Entwistle & Cappucci, together with members of the Defense Committee, filed initial Phase One Motions to Dismiss certain of the claims and on September 23, 2013, presiding Judge Richard Sullivan issued an order dismissing the Noteholders’ state law constructive fraudulent conveyance claims on grounds that Section 362(a)(1) of the Bankruptcy Code stays fraudulent conveyance claims by creditors for as long as the trustee is exercising its avoidance powers.
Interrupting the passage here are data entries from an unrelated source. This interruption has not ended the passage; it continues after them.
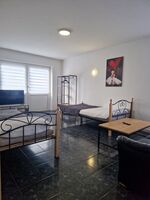 Wohnung Darmanyan Bild 19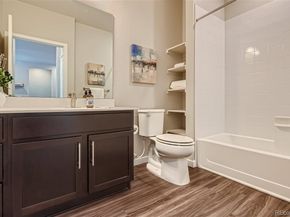 400 E Fremont Place 206, Centennial CO 80122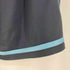 リーボック Reebok PLAY DRY トラックショーツ メンズ L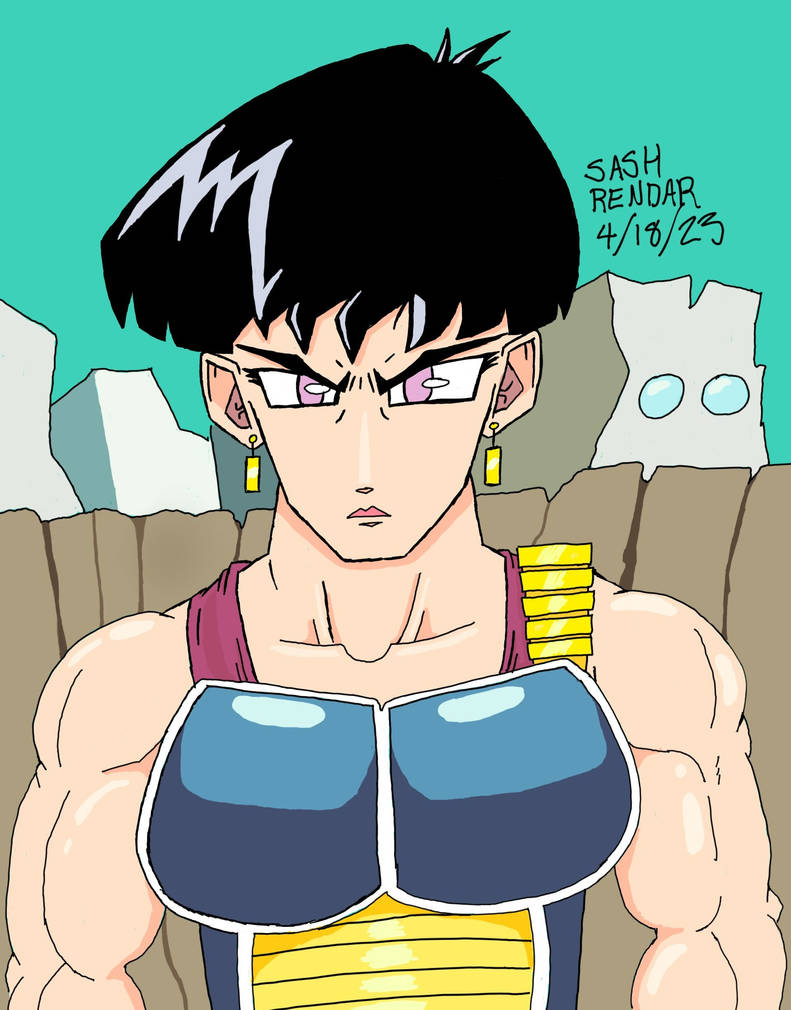 Fasha By SashRendar On DeviantArt fasha-by-sashrendar-on-deviantart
On May 23, 2014, Entwistle & Cappucci, together with members of the Defense Committee, filed a motion to dismiss Count One of the Trustee’s Fifth Amended Complaint for intentional fraudulent conveyance on grounds, among other things, that the complaint fails to allege facts from which a strong inference can be drawn that the Tribune Board acted with the actual intent to hinder, delay or defraud creditors when it approved the LBO.
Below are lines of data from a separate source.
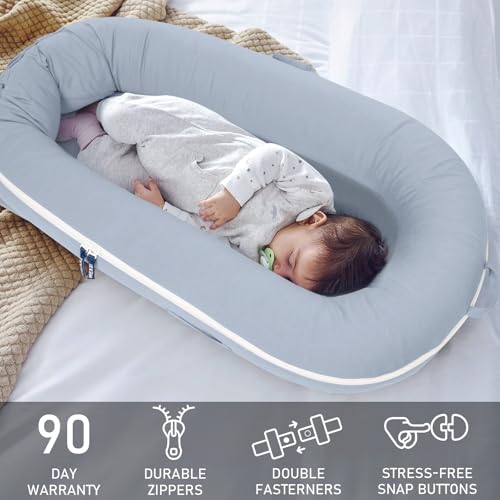 Image of Organic Replacement Cover, Waterproof Spare Cover, Removable Covers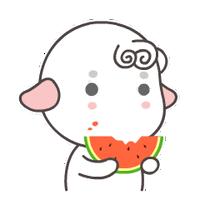 那些年你走过的化妆品误区,大牌化妆品如何避坑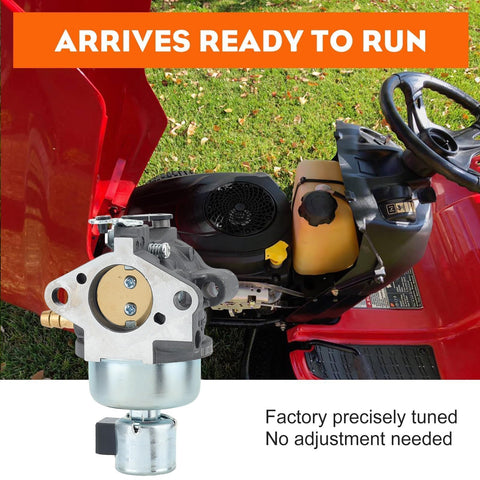 Spark plugs set for reliable ignition and easier startup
On March 29, 2016, the Second Circuit Court of Appeals issued an opinion on (i) the Noteholders’ appeal of Judge Sullivan’s dismissal of the state law constructive fraudulent conveyance claims in the Noteholder Action for lack of standing, and (ii) the Defense Committee’s cross-appeal of Judge Sullivan’s ruling that the safe-harbor in Section 546(e) of the Bankruptcy Code is inapplicable to the claims. The Second Circuit affirmed dismissal of the state law constructive fraudulent conveyance claims, holding that such claims are preempted by the safe harbor in Section 546(e) of the Bankruptcy Code.
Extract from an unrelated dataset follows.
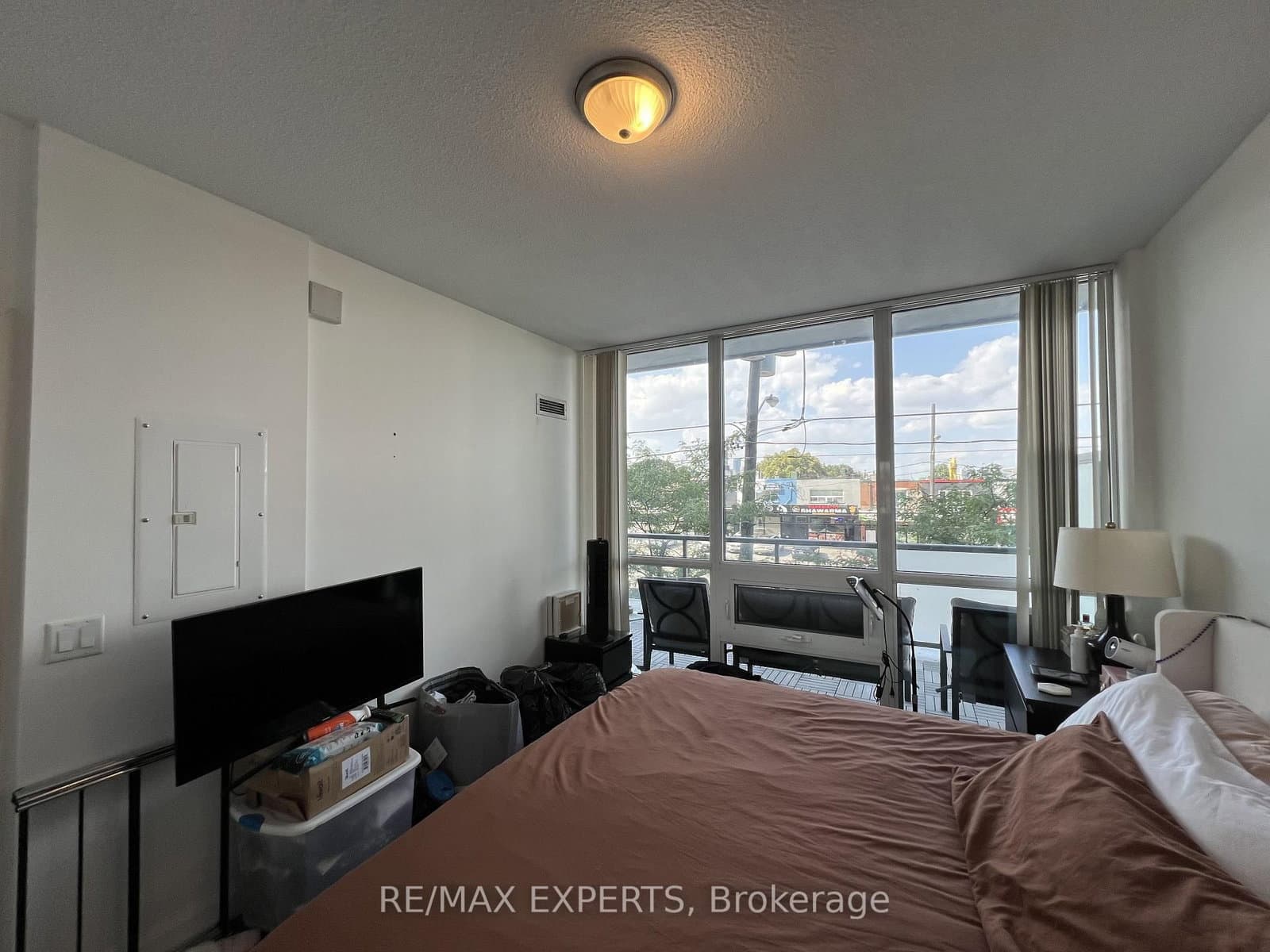 1185 The Queensway, Unit 215 thumbnail 15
On July 22, 2016, the Second Circuit Court of Appeals issued an order denying the Noteholders’ petition for panel rehearing, or, in the alternative, for rehearing en banc concerning the Court’s March 29, 2016 opinion affirming dismissal of the state law constructive fraudulent conveyance claims on the ground such claims are preempted by the safe harbor in Section 546(e) of the Bankruptcy Code. The May 2014 motion to dismiss Count One of the Fifth Amended Complaint (intentional fraudulent conveyance) on grounds, among other things, that the complaint fails to allege facts from which a strong inference can be drawn that the Tribune Board acted with actual intent to hinder, delay or defraud remains pending.